Disciplina degli investimenti 
e degli appalti in Marocco

di Paolo Greco *

 

Il Marocco incoraggia gli investimenti privati, sia nazionali che stranieri, considerati una leva per lo sviluppo economico e industriale dello Stato[1].
Il regime degli investimenti esteri è molto liberale, sono consentiti in tutti i settori, ad esclusione dei terreni ad uso agricolo e di pochi settori riservati esclusivamente allo Stato[2], ad esempio lo sfruttamento dell’industria estrattiva dei fosfati, una società di diritto maghrebino, abilitata ad operare in qualunque ramo di attività, può esser a capitale per la maggioranza o esclusivamente straniero e la sua direzione può essere assunta da stranieri, secondo quanto è previsto dalla legge 1-93-46 del 10 settembre 1993[3]. Il quadro regolamentare è stato ulteriormente migliorato, semplificando le procedure ed accelerandone i tempi, con la legge quadro approvata nel 1995, la cosiddetta Carta degli Investimenti[4]. Si tratta di una legge fondamentale, le cui disposizioni diventano cioè operative con l’emanazione delle normative di attuazione; le prime sono state emanate con la legge finanziaria del 1996. Ma anche attraverso un intero percorso di riforme legislative comprendenti la riforma del Codice Commerciale, della Legge sulle Società e della Legge sul Lavoro[5].

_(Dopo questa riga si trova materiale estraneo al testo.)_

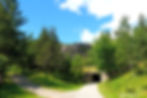 Bike Path Tunnel by Artist's Bluff | Franconia Notch Recreation Path | White Mountain National Forest | New Hampshire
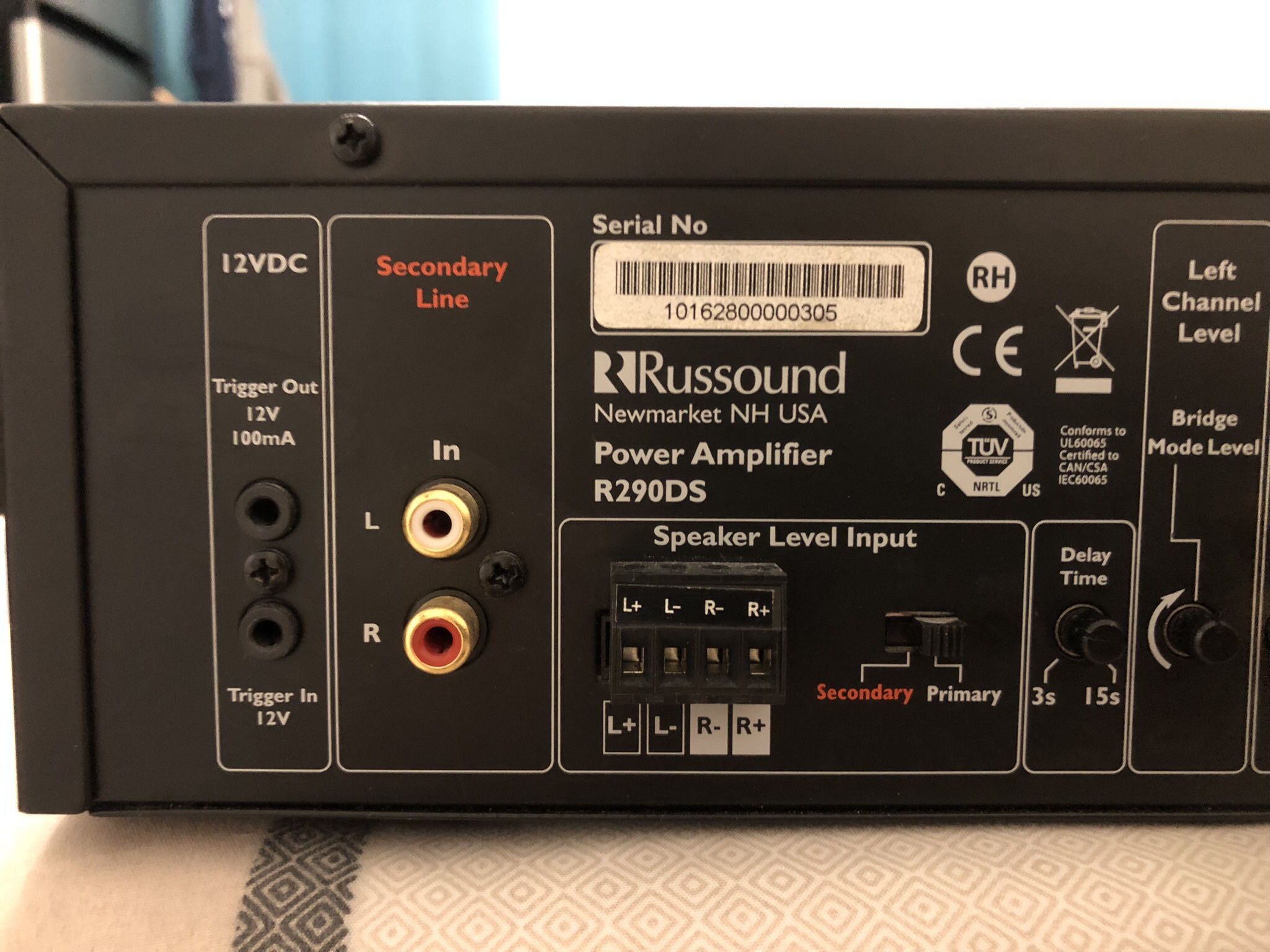 AMPLIFICADOR RUSSOUND R290DS STEREO 250 WATTS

La Carta definisce i principali obiettivi dell’azione dello Stato nei prossimi 10 anni in materia di sviluppo e promozione degli investimenti; istituisce per essi un regime unico, e revoca i precedenti codici settoriali, pur prevedendo che le disposizioni attuative possano graduare gli incentivi in modo differenziato, al fine di riequilibrare settori economici e lo sviluppo regionale[6]. Vengono trattati in modo uniforme gli investimenti di origine interna ed esterna, assicurando garanzie e agevolazioni sui trasferimenti per gli investimenti esteri e dei non residenti; sono previste una serie di  incentivi e di agevolazioni fiscali[7]:

       esonero dal prelievo fiscale all’importazione (PFI), su materiali e beni strumentali importati;

       esonero dall’imposta sul valore aggiunto (TVA) sui materiali e beni strumentali acquistati localmente o importati;

       esonero dall’imposta di licenza, per i primi cinque anni di attività;

       esonero dalla tassa urbana per i primi cinque anni di attività, per nuove costruzioni o a costruzioni già esistenti;

       esonero dall’imposta sulle società (IS), o dall’imposta generale sui redditi (IGR), per le imprese esportatrici.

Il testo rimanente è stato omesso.